Sache mon frère musulman qu’il n’y a pas de caractère qui soit meilleur que le caractère du Messager de Allah salla l-Lahou ^alayhi wasallam, que Allah le rétribue pour nous de la meilleure rétribution. Habituer son âme à supporter la nuisance d’autrui est un moyen pour atteindre les hauts degrés. Celui qui étouffe sa colère, qui se contrôle lors la colère, aura préservé son âme, il l’aura protégée. Combien de crimes ont pour cause la colère ? Combien de ruptures de liens entre des frères, des proches parents, ont pour cause la colère ? Combien de disputes et de divergences ont pour raison le fait de ne pas contenir son âme au moment de la colère ?

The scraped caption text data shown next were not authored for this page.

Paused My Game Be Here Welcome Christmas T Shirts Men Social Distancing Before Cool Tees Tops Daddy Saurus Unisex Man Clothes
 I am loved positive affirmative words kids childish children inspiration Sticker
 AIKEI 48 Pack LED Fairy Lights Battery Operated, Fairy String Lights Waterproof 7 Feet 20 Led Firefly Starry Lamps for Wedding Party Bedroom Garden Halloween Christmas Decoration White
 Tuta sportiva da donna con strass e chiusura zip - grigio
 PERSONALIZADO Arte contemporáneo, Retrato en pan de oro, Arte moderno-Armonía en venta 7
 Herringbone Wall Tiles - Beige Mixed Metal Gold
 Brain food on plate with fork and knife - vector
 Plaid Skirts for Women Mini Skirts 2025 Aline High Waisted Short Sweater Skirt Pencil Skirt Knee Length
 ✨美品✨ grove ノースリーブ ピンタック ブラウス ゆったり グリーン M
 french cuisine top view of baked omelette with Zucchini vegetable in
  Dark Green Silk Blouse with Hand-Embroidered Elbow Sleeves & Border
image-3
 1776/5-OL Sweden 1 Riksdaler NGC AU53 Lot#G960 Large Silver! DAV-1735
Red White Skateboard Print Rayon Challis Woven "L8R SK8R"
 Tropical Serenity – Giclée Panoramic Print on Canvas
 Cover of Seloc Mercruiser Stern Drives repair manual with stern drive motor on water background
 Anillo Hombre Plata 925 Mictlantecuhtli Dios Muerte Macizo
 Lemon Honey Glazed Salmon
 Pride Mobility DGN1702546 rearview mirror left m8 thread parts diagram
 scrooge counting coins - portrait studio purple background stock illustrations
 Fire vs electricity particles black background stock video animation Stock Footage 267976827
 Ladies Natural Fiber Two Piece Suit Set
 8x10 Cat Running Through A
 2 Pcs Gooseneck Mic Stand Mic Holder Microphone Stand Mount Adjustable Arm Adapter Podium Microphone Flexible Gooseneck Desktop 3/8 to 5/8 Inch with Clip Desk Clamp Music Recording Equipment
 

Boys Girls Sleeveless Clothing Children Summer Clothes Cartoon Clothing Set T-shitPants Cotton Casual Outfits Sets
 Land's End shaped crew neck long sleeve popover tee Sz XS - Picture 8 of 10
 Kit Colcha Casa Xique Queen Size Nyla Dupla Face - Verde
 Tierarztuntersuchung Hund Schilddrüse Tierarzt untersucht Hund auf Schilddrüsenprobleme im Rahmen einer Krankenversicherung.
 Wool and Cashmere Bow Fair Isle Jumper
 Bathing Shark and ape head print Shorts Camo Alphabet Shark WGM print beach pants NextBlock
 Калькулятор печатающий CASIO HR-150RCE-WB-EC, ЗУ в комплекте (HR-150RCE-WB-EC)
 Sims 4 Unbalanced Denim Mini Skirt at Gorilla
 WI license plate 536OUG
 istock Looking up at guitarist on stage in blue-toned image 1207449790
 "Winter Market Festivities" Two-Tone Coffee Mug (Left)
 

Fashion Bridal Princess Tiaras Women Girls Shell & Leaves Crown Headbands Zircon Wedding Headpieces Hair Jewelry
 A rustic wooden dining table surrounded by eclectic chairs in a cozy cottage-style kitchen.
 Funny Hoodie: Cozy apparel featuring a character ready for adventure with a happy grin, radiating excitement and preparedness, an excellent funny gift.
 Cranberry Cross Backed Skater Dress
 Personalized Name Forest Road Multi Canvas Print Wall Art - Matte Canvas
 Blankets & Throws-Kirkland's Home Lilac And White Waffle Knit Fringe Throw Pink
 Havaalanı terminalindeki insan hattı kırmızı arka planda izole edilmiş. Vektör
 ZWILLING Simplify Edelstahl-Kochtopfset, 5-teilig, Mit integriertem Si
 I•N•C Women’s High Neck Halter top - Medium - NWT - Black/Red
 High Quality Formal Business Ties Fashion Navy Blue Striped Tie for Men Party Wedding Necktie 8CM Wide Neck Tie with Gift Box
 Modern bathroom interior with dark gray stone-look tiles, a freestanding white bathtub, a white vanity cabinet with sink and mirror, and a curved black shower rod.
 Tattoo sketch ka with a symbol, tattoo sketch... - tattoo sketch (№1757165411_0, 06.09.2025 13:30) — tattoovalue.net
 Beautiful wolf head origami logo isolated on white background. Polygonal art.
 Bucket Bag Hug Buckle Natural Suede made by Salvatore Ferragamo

Et le plus dangereux dans lequel l’homme peut se retrouver en cas de colère, c’est la mécréance, que Allah ta^ala nous en préserve. Et ceux qui n’ont pas de scrupule à insulter Allah du simple fait que leur épouse les a contredit dans un ordre quelconque, ou du simple fait que leur fils leur a désobéi, n’a pas suivi leurs ordres. Le Hafidh An-Nawawiyy a dit : « Si un homme se met en colère contre son fils ou son serviteur et qu’il se met à le frapper violemment et qu’un autre lui dit : « N’es-tu pas musulman !? » et qu’il lui répond : « Non » délibérément il devient mécréant. » Ici « délibérément » signifie par sa propre volonté (et non par lapsus), même s’il était en colère. D’autres chaféites, des hanafites, malékites et d’autres, ont même indiqué cela textuellement. Ibnou Hibban a rapporté avec une chaîne de transmission authentique que le Messager de Allah salla l-Lahou ^alayhi wasallam a dit :

(( لَيْسَ الشَّدِيدُ مَنْ غَلَبَ النّاسَ ولَكِنَّ الشَّدِيدَ مَنْ غَلَبَ نَفْسَهُ ))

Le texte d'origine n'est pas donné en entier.